Quisiera concluir volviendo a un concepto antes mencionado: el sendero de la escritura. Y con él a la lectura que he hecho de este libro y que me parece su aportación más importante. He leído estas páginas como quien sigue la escritura de un descubrimiento poético. Pienso que la poesía es su asunto fundamental. Y pienso que la poesía no tiene otra materia que la escritura del poema. Entiendo, pues, que no hay tal cosa como una poesía religiosa, mística o de cualquier otra índole. Lo que hay es la poesía sin más, y su gran conquista: la realización del horizonte de la belleza en el limite de lo insondable. La belleza, así entendida, no es una idea ni un ideal. La belleza es una experiencia que emerge espontáneamente, sponte sua: de su propia fuente que es la emoción de la inteligencia y el experimento con las formas artísticas de las sensaciones. Lo más sorprendente es la simplicidad; y lo más difícil es dar con ella.
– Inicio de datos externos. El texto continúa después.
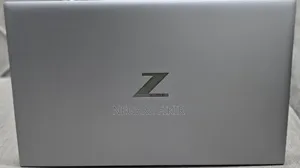 New Laptop HP ZBook 14 32GB Intel Core I7 SSD 1T
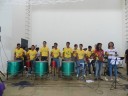 Banda Amare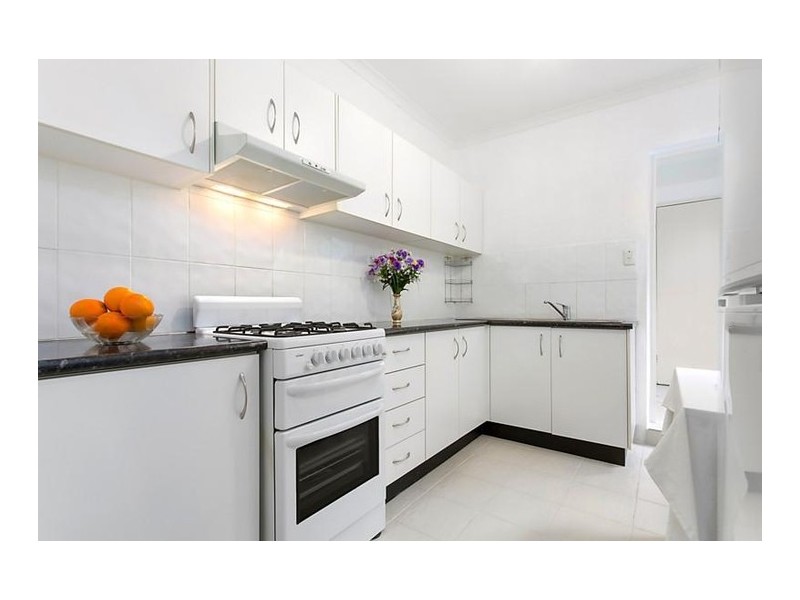14 Belmore Street, Surry Hills NSW 2010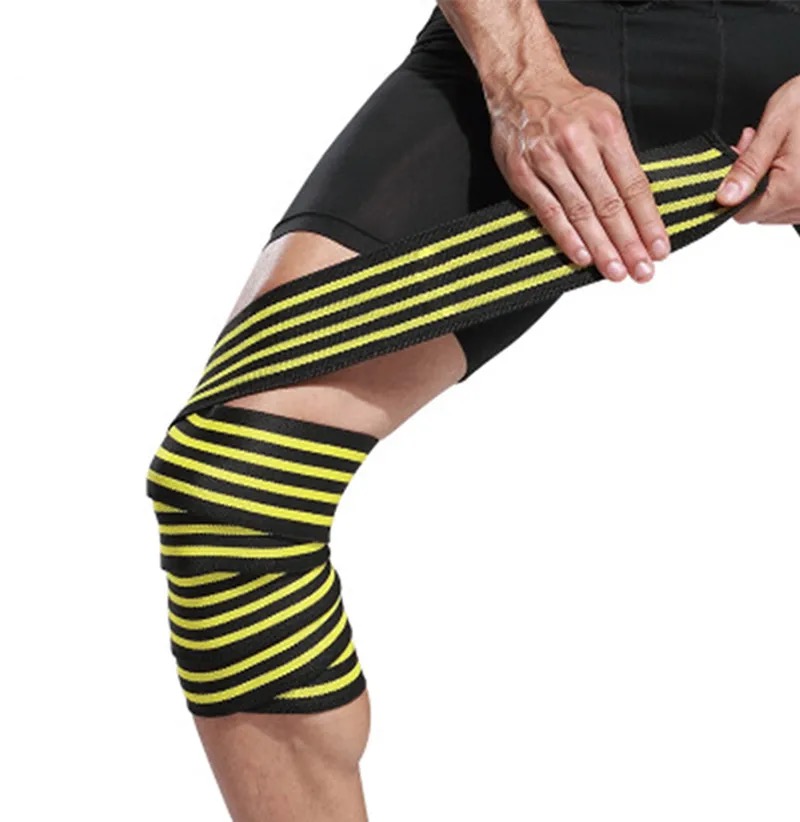 Dây Quấn Gối Chính Hãng Aolikes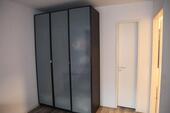 Foto - Etagenwohnung in Berlin zur Miete
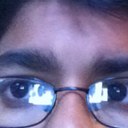 Gavin Kumar - @ogeeezus - Twitter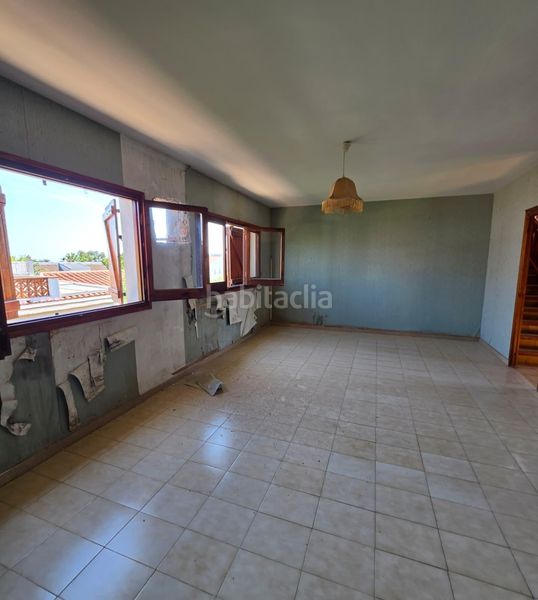 Foto cb8b0d09-f323-4985-9213-14474ababaa1. Casa amb aparcament piscina a Ampolla (L´)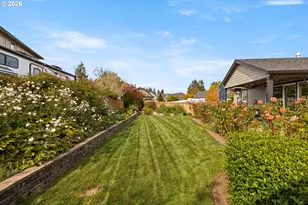 1411 NE 17th Ave, Canby, OR 97013 - Photo 42
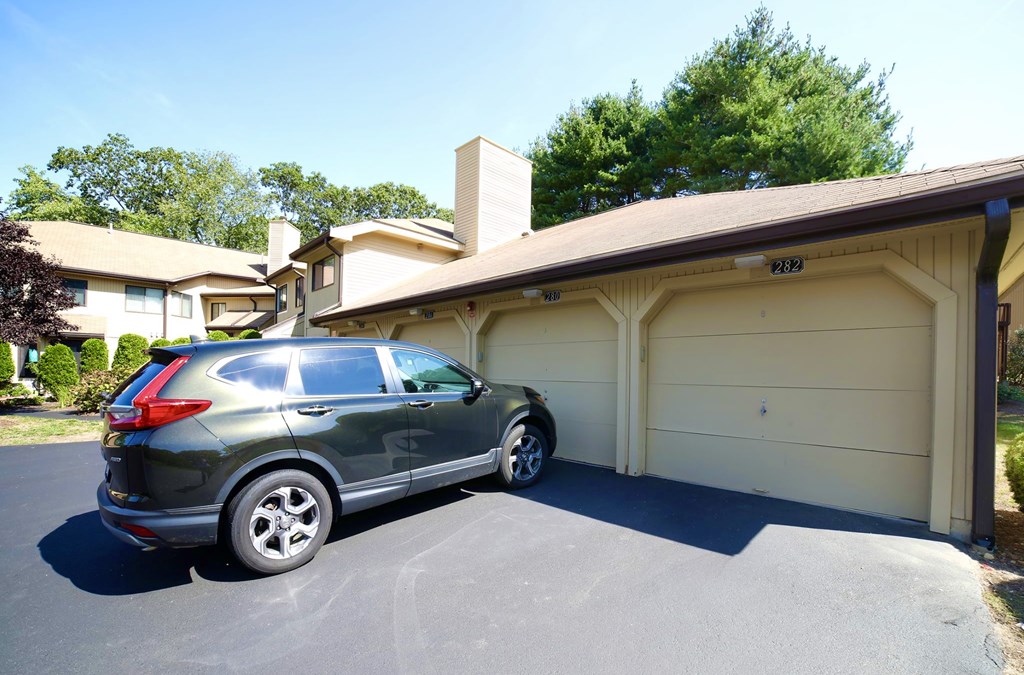 282 Trailside Way, Unit 282 Ashland, MA 01721 - Photo 20 of 20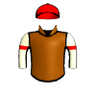 Clubman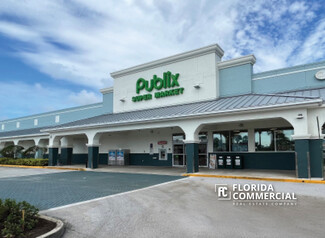 More details for 746 SW Federal Hwy, Stuart, FL - Retail for Rent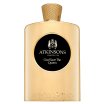 Atkinsons Oud Save The Queen parfemska voda za žene 100 ml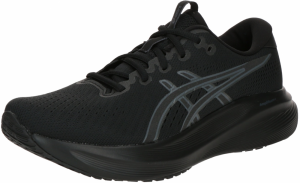 ASICS Bežecká obuv 'GEL-EXCITE 11'  antracitová / čierna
Leo el Poema 87: ¿por qué / perforo los metales / si tan solo / la roca angular / me ofrece / la salud / el oro / y la poesía. La palabra que Darío traduce por «poesía» es Kunst en el alemán original, es decir, «arte». Y en efecto, es del arte de la poesía de lo que se trata. No es casual que los grandes místicos sean también poetas. El arte de la poesía es, de todas las artes, la que recupera la experiencia primordial del lenguaje que no es la de ser «instrumento de comunicación» sino la de crear, como si por primera vez fuera, el fulgor de lo que se nombra, la música del pensamiento, la intensidad del silencio. Para ello no hace falta ser creyente, teísta, ateo, agnóstico o, como es el caso de quien habla, no-teísta. Basta con saber escuchar a la poesía: tu palabra resuena en mí / más fuerte que en otras bocas // callo / y te escucho al instante. Este libro logra su cometido: dar a escuchar la palabra poética, en sus pliegues más finos y sutiles. Y he aquí mi respuesta a lo que he podido escuchar: Extinguido el fuego, queda el claroscuro: la estrella matutina que es también la del crepúsculo; el silencio de la luz y la oscuridad del silencio. «Vacío y libre», al decir de Meister Eckhardt.
Este texto fue escrito para la presentación del libro de Ángel Darío Carrero Inquietud de la huella. Las monedas místicas de Angelus Silesius (Madrid, Editorial Trotta, 2012) en el Museo de Arte de Puerto Rico el 5 de diciembre de 2012. Lo comparto con los lectores de 80grados.